*** Collected material Section Begins ***

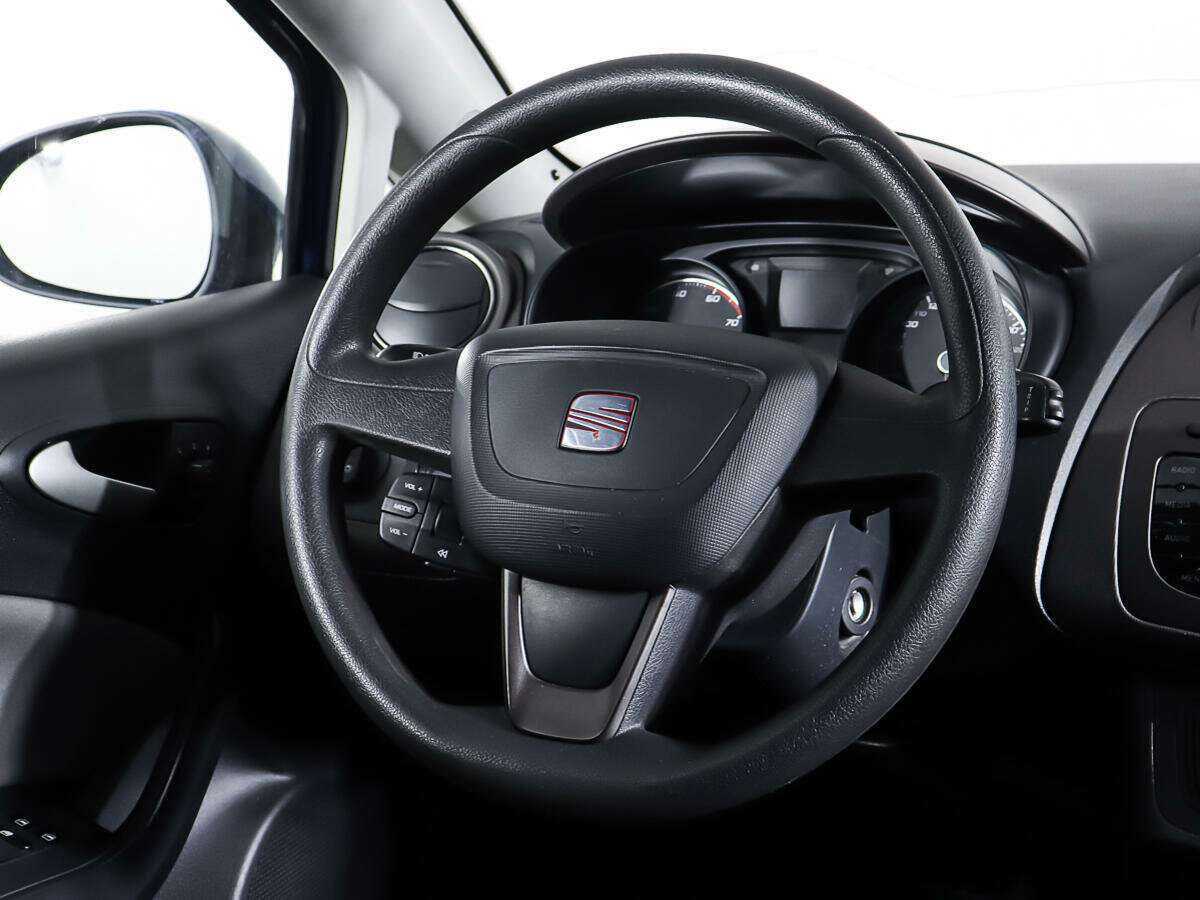 SEAT Ibiza 2012 года с пробегом. Фото: #13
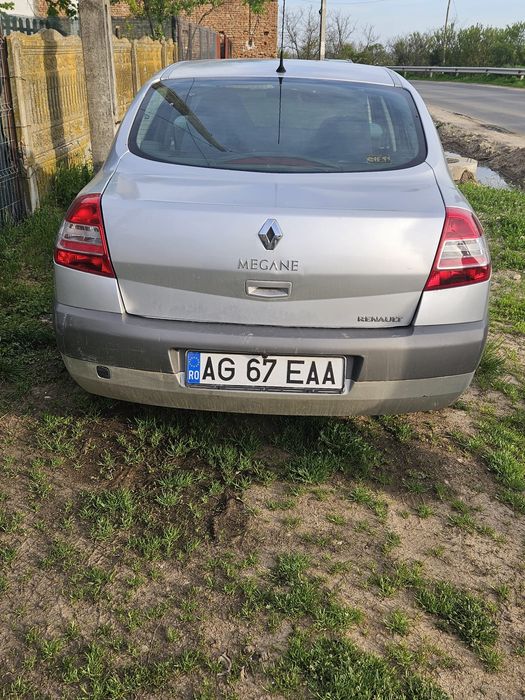 Renault Megane 2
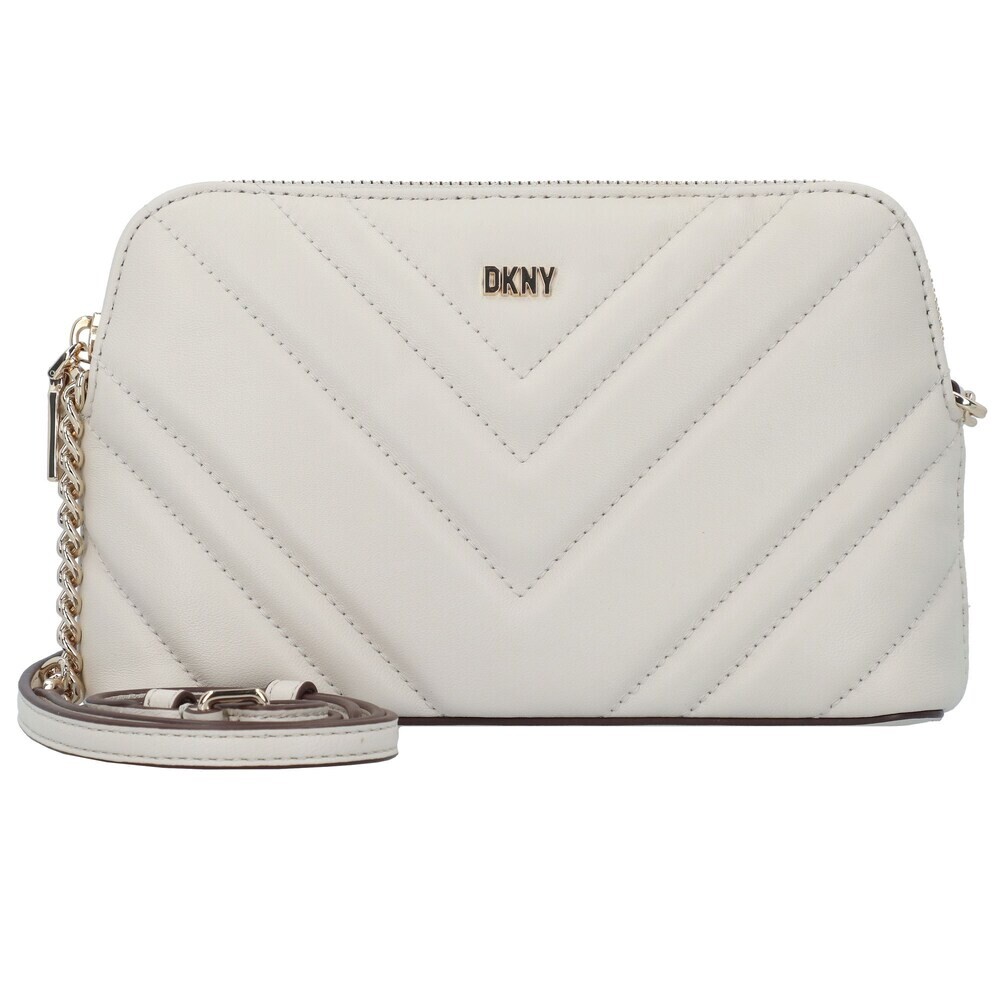 

Сумка через плечо Dkny Madison, крем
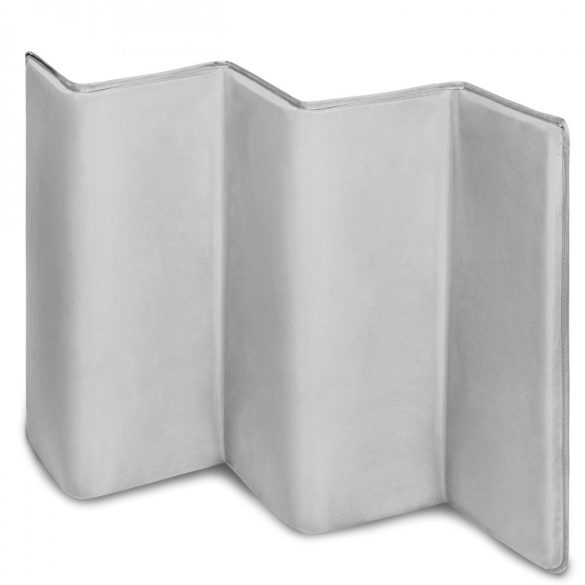 Lionelo Stefi Plus kétszintes utazóágy - Pink Yellow manó palota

*** Collected material Section Ends ***

> **Problem details**
Restate word for word each line from the one containing "Сумка через плечо Dkny Madison, крем" through the end of the material, pictures excluded.

> **Response below**
Сумка через плечо Dkny Madison, крем
 Lionelo Stefi Plus kétszintes utazóágy - Pink Yellow manó palota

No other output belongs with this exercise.